1998  1999  2000  2001  2002  2003  2004  2005  2006 

Выпуск газеты Сегодня №253 (1897) за 08.11.2004

МИХАИЛ ДЕРЖАВИН: "Я — НАШЕНСКИЙ!"

Скоро украинские зрители увидят музыкальный фильм "12 стульев" по мотивам одноименного романа Ильи Ильфа и Евгения Петрова, снятый телеканалом "Интер" и российским "Первым каналом". О мюзикле мы рассказывали нашим читателям, напомним, что кроме Николая Фоменко, Анжелики Варум, Ильи Олейникова, Клары Новиковой, снялся дуэт замечательных артистов Александра Ширвиндта и Михаила Державина в ролях Ильфа и Петрова. Кстати, знаменитый тандем на днях получил премию "Кривое зеркало" на кинофестивале в Новгороде "Улыбнись, Россия!" за вклад в комедию. О вкладе артиста в культуру и жизнь зрителя мы поговорили с Михаилом Державиным.

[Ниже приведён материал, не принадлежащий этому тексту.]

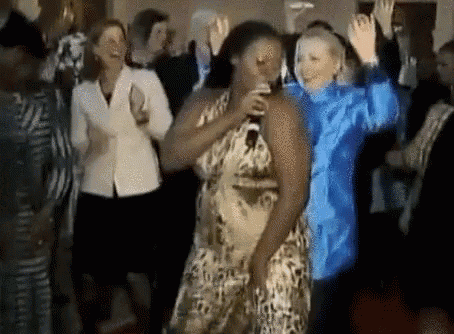a woman in a leopard print dress is singing into a microphone while dancing with other people .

"ПЛУЧЕК НАЗЫВАЛ МЕНЯ НЕ ТАЛАНТЛИВЫМ, А ДАРОВИТЫМ"

— Вы выбрали делом своей жизни актерскую стезю, идя по стопам своего отца...

— Да, вообще, все к этому шло с детства, поскольку я родился в актерской семье. Отец мой, Михаил Степанович Державин, был актером Театра имени Евгения Вахтангова. Работал он среди потрясающих вахтанговцев, организовавших театр, и сам был представителем первого поколения после организаторов театра. Я также дослужился до его звания, я народный артист России. Вспоминаю это потому, что как-то в ВТО был вечер памяти Владимира Хенкина, там ко мне подошла одна старая актриса и сказала: "Миша, как же ты похож на своего папу!" Затем, как и многие актерские дети, я поступил в театральный институт. В данном случае я просто перешел из своего подъезда в соседний — Театральное училище имени Щукина, которое впоследствии и закончил. Это было время оттепели, пора новых веяний в театре, в стране, и Театр Ленинского Комсомола пригласил группу молодых актеров, совершенно обновив свой состав. В этом театре мы с Александром Ширвиндтом проработали до 1967 года, после чего с Анатолием Васильевичем Эфросом в уже начавшиеся тяжелые времена перешли в Театр на Бронной, где я проработал месяцев девять. А потом Андрей Миронов и Марк Захаров подошли ко мне на каком-то вечере и сказали: "Миша! Приходи к нам в театр! Валентин Николаевич Плучек ищет молодых артистов". Затем я встретил на улице Папанова, который тоже сказал: "Давайте с Шурой к нам в театр! Вы нам очень нужны!" Так мы поступили в Театр сатиры. Я, правда, чуть раньше, чем Александр Анатольевич.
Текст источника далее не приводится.